▶ PROBLEM TO WORK ON
Reproduce every line of the listing as written, apart from the pictures.

▶ INFORMATION PROVIDED

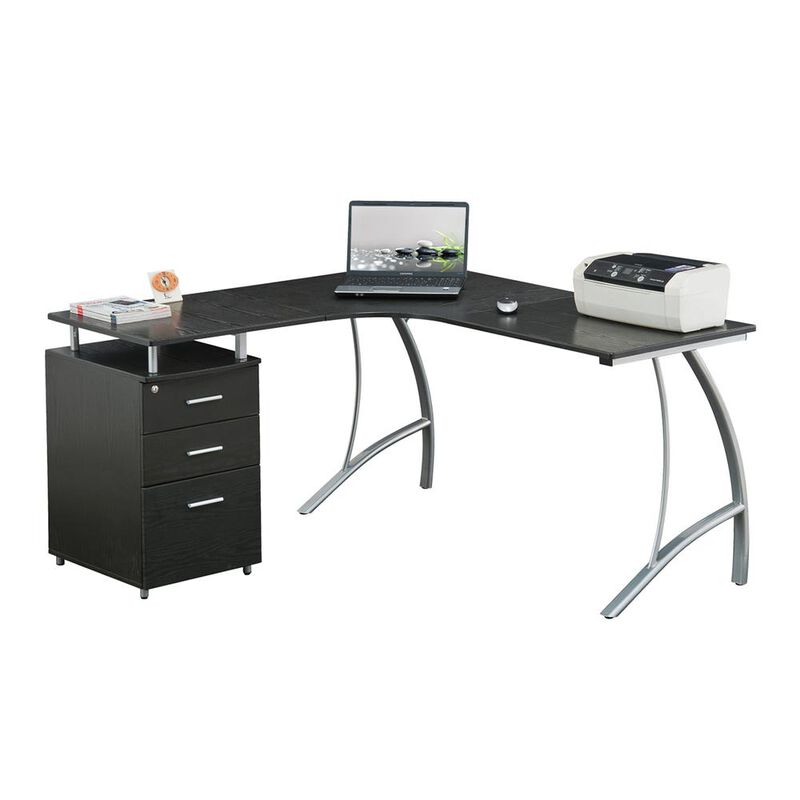 Techni Mobili Modern L- Shaped Computer Desk with File Cabinet and Storage. Color: Espresso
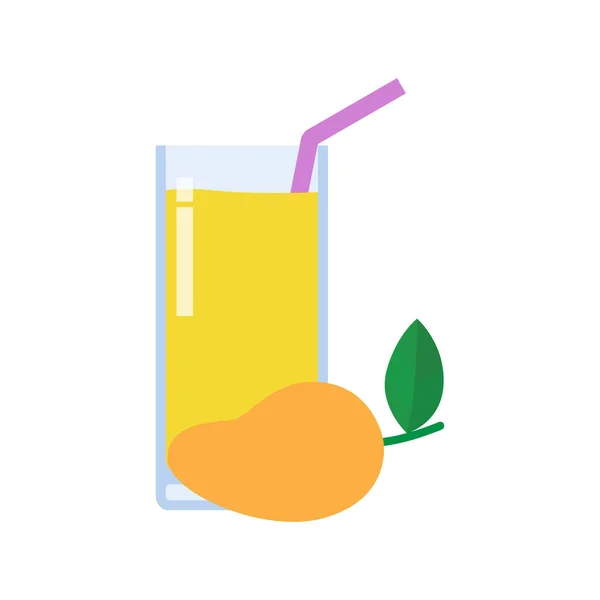Mango Juice Icon Flat Style Element Isolated White Background Vector — Stock Vector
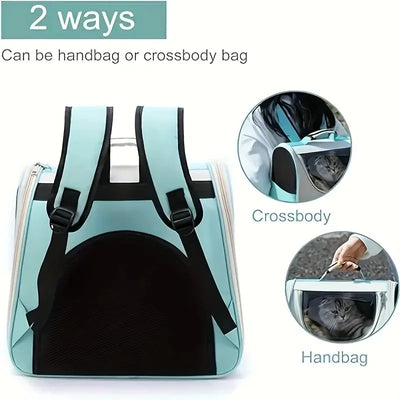 Large Capacity Collapsible Pet Backpack Carrier, Breathable Mesh Vent Travel Bag with Secure Zipper for Cats and Small Dogs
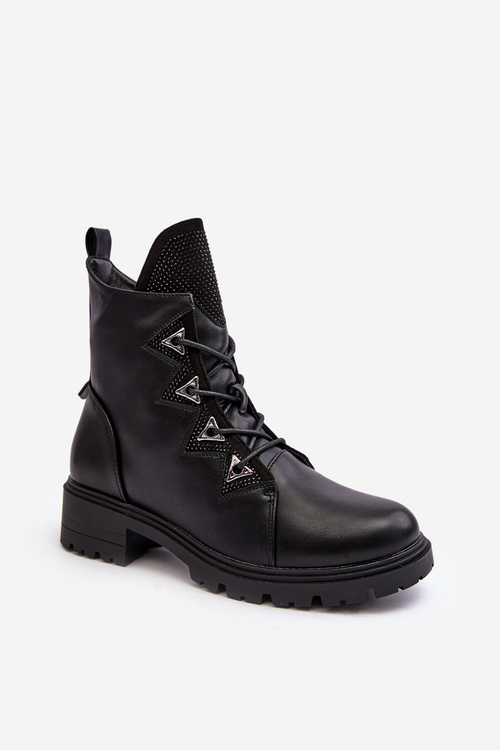 Leather Insulated Boots with Rhinestones Black Gwen SBarski HY93-52A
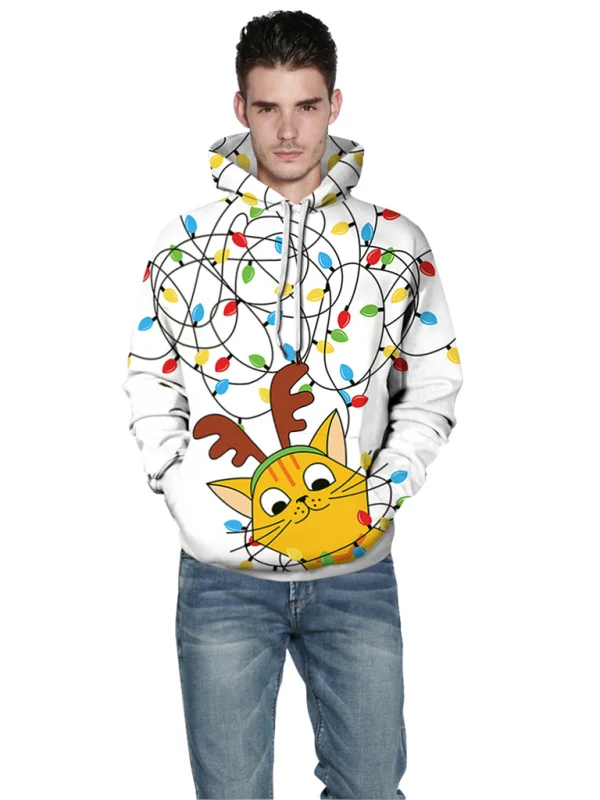 Men's Christmas Print Long Sleeve Hoodie Flusfy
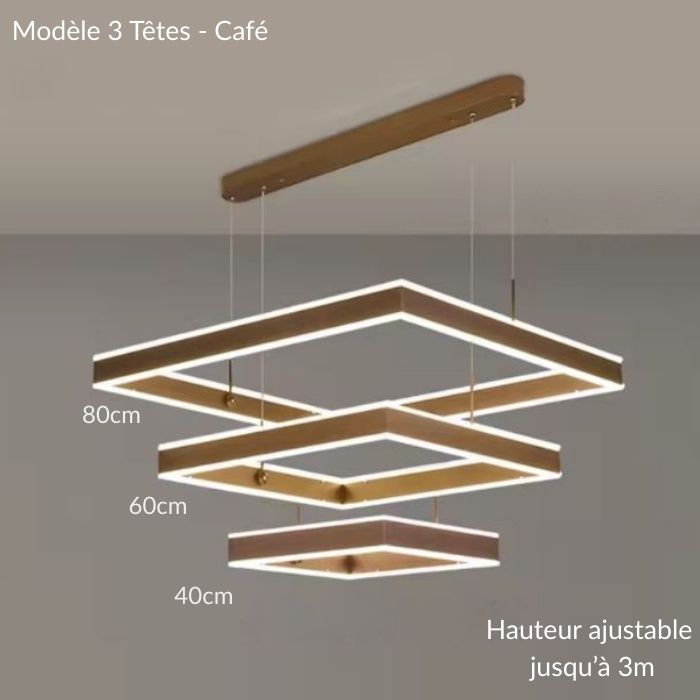 Suspension plafond cathédrale LED couleur café à 3 têtes ajustables, parfaite pour loft ou entrée moderne.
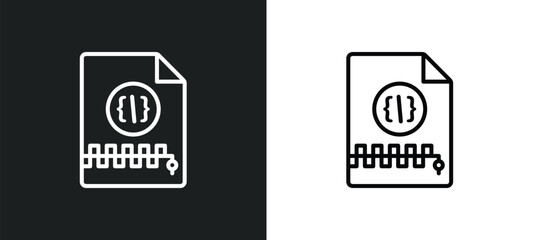 Poster - archive line icon in white and black colors. archive flat vector icon from archive collection for web, mobile apps and ui.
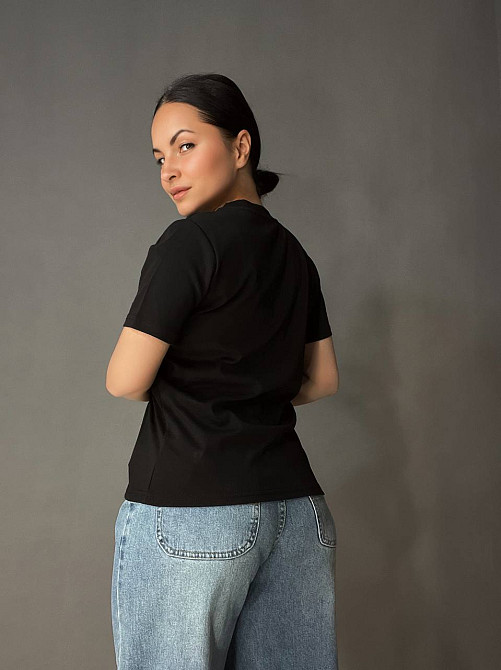 Футболка женская A-N 27040 базовая по фигуре с вышивкой сердце, черный, one size Киев - изображение 13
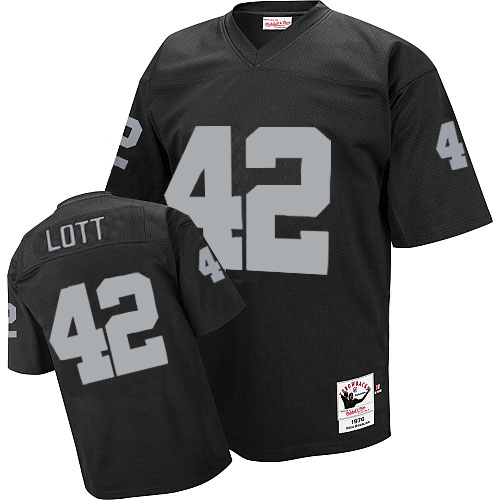 Mitchell and Ness Oakland Raiders #42 Ronnie Lott Black Authentic Throwback NFL Jersey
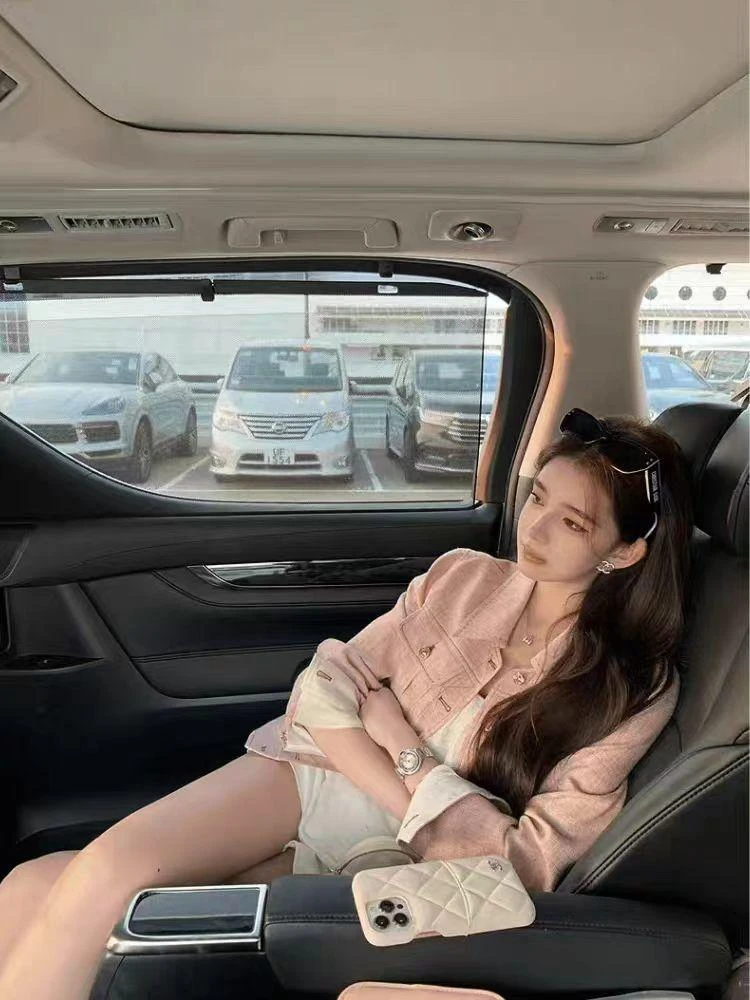 韩系ins粉色简约修身显瘦外套正肩翻领上衣2025夏新款潮牌短外套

▶ SOLUTION TO THIS EXERCISE
 Techni Mobili Modern L- Shaped Computer Desk with File Cabinet and Storage. Color: Espresso
Mango Juice Icon Flat Style Element Isolated White Background Vector — Stock Vector
 Large Capacity Collapsible Pet Backpack Carrier, Breathable Mesh Vent Travel Bag with Secure Zipper for Cats and Small Dogs
 Leather Insulated Boots with Rhinestones Black Gwen SBarski HY93-52A
 Men's Christmas Print Long Sleeve Hoodie Flusfy
 Suspension plafond cathédrale LED couleur café à 3 têtes ajustables, parfaite pour loft ou entrée moderne.
 Poster - archive line icon in white and black colors. archive flat vector icon from archive collection for web, mobile apps and ui.
 Футболка женская A-N 27040 базовая по фигуре с вышивкой сердце, черный, one size Киев - изображение 13
 Mitchell and Ness Oakland Raiders #42 Ronnie Lott Black Authentic Throwback NFL Jersey
 韩系ins粉色简约修身显瘦外套正肩翻领上衣2025夏新款潮牌短外套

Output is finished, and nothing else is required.